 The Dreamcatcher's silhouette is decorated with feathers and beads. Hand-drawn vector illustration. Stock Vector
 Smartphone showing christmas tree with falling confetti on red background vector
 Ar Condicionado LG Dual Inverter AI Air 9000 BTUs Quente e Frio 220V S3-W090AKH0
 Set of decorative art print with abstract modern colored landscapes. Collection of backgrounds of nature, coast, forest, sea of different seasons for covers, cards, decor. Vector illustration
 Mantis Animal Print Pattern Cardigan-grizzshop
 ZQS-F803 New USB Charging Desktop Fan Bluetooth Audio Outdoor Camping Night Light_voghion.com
━━━━━━━━━━━━━━━━
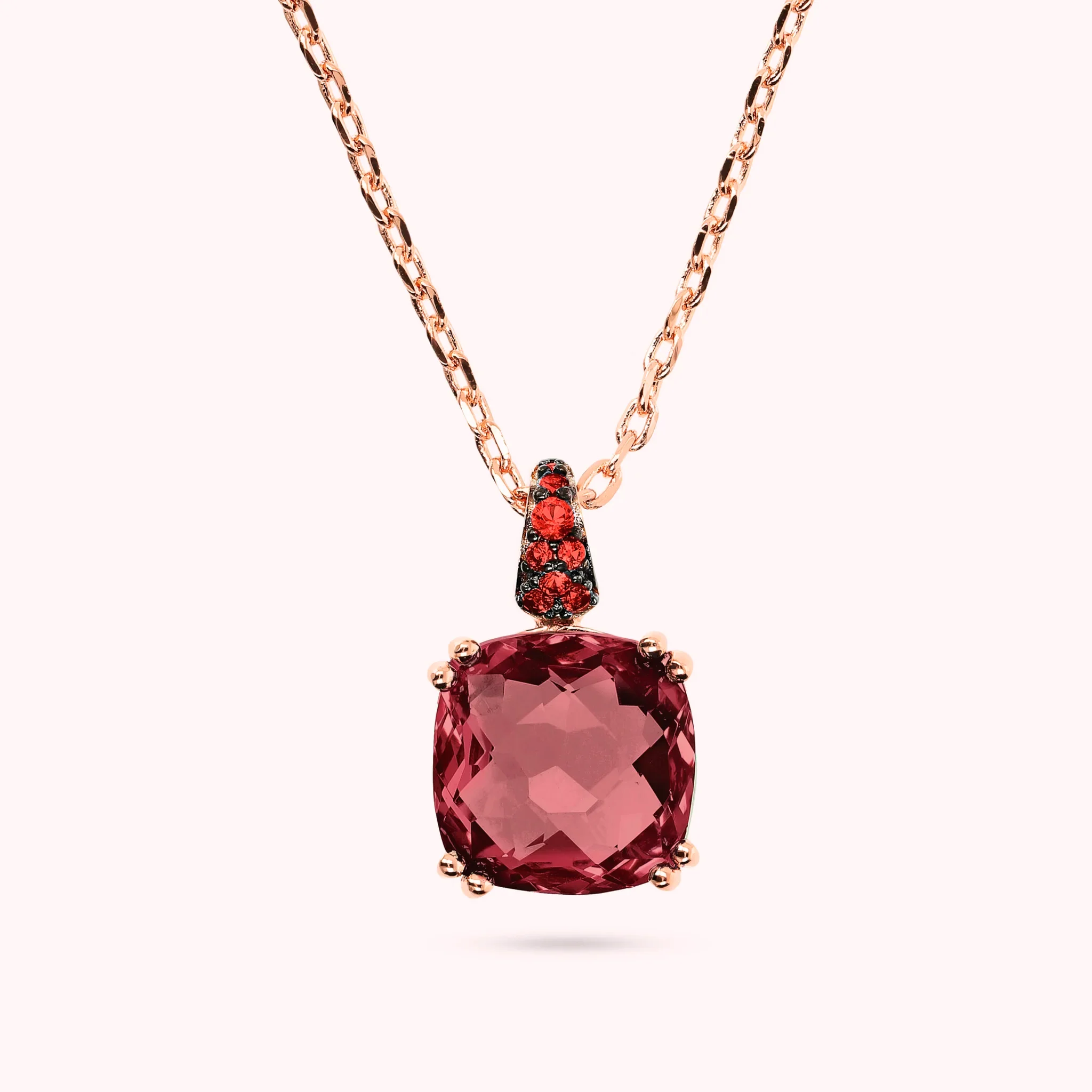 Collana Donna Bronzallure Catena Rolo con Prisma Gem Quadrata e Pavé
━━━━━━━━━━━━━━━━
▶ [Work required]
Only the lines above that include the word "with" belong in the answer; copy each one.

▶ [Expected output]
 The Dreamcatcher's silhouette is decorated with feathers and beads. Hand-drawn vector illustration. Stock Vector
 Smartphone showing christmas tree with falling confetti on red background vector
 Set of decorative art print with abstract modern colored landscapes. Collection of backgrounds of nature, coast, forest, sea of different seasons for covers, cards, decor. Vector illustration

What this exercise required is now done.